The Wine: Biancoperso Orange 2020
Il Vinco Biancoperso Orange is a skin-contact natural wine (orange wine) made from a blend of Lazio indigenous varietals – Procanico, Rossetto, and Malvasia Bianca. The grapes are planted on volcanic soils in Montefiascone, near Lake Bolsena. The grapes are fermented spontaneously for 14 days with their skins in cement vats; the wine is aged in cement and steel tanks for about 6 months; bottled unfined, unfiltered, with minimal added sulfites. Great orange wine with notes of ripe white fruit and honeysuckle.
The Producer: Il Vinco
Il Vinco is a relatively new natural wine project started by three friends, Daniele Manoni, Marco Fucini, and Nicola Brenciaglia. Il Vinco is located in Montefiascone, Viterbo province, Lazio region. The estate is on the southern slopes of the volcanic Lago di Bolsena. One of the goals of the project was to work with native Canaiolo Nero grapes, indigenous to the area, a varietal used as a blending grape in the Chianti region but never made into mono-varietal wines. Il Vinco is part of a vibrant natural wine scene around Lake Bolsena – Le Coste and Andrea Occhipinti are also located in this area.
The Region: Lazio
Lazio, Latium in Latin, is located in Central Italy, its capital is Rome and is one of the biggest and most populous regions of Italy. Lazio was first inhabited by the Etruscans and then by the Latins and Romans. Lazio was always a wine producing region and borders with other historically important Italian wine regions - Tuscany (North), Campania (South), Umbria and Abruzzo (East).
The Romans and the Roman Empire as a political and cultural entity had the biggest impact on the development of the region: trade, agriculture, technology, and also winemaking, where deeply influenced by the capital, Rome, known as "Caput Mundi" - the capital of the world.

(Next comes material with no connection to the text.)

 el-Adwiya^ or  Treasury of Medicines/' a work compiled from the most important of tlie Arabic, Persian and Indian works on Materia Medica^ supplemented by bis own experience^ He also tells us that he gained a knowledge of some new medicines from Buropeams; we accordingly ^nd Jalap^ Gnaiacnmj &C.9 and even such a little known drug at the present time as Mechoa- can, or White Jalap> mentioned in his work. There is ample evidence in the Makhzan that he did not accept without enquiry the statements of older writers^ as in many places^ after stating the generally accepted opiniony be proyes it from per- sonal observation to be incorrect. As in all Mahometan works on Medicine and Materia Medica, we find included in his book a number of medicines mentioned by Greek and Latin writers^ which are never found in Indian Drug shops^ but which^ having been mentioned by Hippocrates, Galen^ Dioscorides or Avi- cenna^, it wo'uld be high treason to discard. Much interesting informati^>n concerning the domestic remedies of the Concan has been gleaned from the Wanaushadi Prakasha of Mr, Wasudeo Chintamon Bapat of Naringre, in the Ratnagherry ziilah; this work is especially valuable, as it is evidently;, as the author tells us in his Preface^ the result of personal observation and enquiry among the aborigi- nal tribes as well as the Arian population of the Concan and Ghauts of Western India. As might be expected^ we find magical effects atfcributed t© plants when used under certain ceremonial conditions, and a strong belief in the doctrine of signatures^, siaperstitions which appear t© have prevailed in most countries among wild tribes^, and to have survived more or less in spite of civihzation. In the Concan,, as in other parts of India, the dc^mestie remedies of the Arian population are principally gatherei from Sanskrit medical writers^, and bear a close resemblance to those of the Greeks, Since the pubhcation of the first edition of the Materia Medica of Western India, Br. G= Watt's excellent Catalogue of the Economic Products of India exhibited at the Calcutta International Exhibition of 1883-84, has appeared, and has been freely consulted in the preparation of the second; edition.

Falernian wine, the most famous wine of ancient Rome and perhaps ancient times, was produced from Aglianico grapes grown the border of Lazio and Campania.
However, after the Barbaric invasions and the fall of the Roman Empire, the region went through several centuries of underdevelopment and winemaking stopped being a central part of everyday life. After the unification of Italy, in 1961, when Rome became the capital of the newly formed nation state, winemaking was rediscovered in an attempt to reestablish the glory of the past.
The Terroir of Lazio
Lazio is a hilly region - Rome is famously built on the "Seven Hills of Rome". These are mostly hills of volcanic origin, which is an ideal characteristic for winemaking as we have seen for other wine regions - Soave, Etna, Taurasi, Sannio among many others.
Volcanic soils tend to be very well-drained and rich in nutrients such as potassium. In a similar way to the soils of Soave and Sannio, Lazio volcanic soils are conducive to growing excellent white grapes. Winds and cool breezes from the Tyrrhenian Sea, Lazio has a long coastline to the West, also play a factor in the region's viticulture, which benefits from relatively mild temperatures and good aeration and is protected to the East by the Apennines.
The White Wines of Lazio
Trebbiano and Malvasia di Candia are the local heroes, usually vinified in a style that prefers roundness and a certain chewiness combined with an off-dry profile. Nowadays things are somewhat different, also thanks to a plethora of natural winemakers who are embracing Lazio's indigenous varietals but are adopting a different winemaking approach.
Lazio's white wines are crisp, light, refreshing and low in alcohol, meant to be drunk young. Acidity is the main element, and winemakers have learned how to capitalize on Lazio's grapes high and yet well balanced natural acidity. Le Coste di Gradoli is one of the best examples of this natural renaissance, which also reinterpreted the ancient skin contact technique.
Some of the most popular whites are Frascati, Orvieto, Est! Est!! Est!!! di Montefiascone - a real hidden gem.
The Red Wines of Lazio
Red wines from Lazio are also going through a major renaissance thanks to natural winemakers. The most important grapes are Sangiovese, Cesanese, perhaps the most representative Lazio indigenous grape varietal, Aleatico Montepulciano, and Nero Buono di Cori. In Lazio, there are more than 200 hundred grape varietals and some of the red wines are field blends of mostly unknown grapes.
Some of the most popular are Cesanese del Piglio (or Piglio), which is the only Lazio DOCG, and Aleatico di Gradoli (a sweet wine) along with Sangiovese and other varietals common in Central Italy, Montepulciano, Sangiovese, Ciliegiolo, and Canaiolo.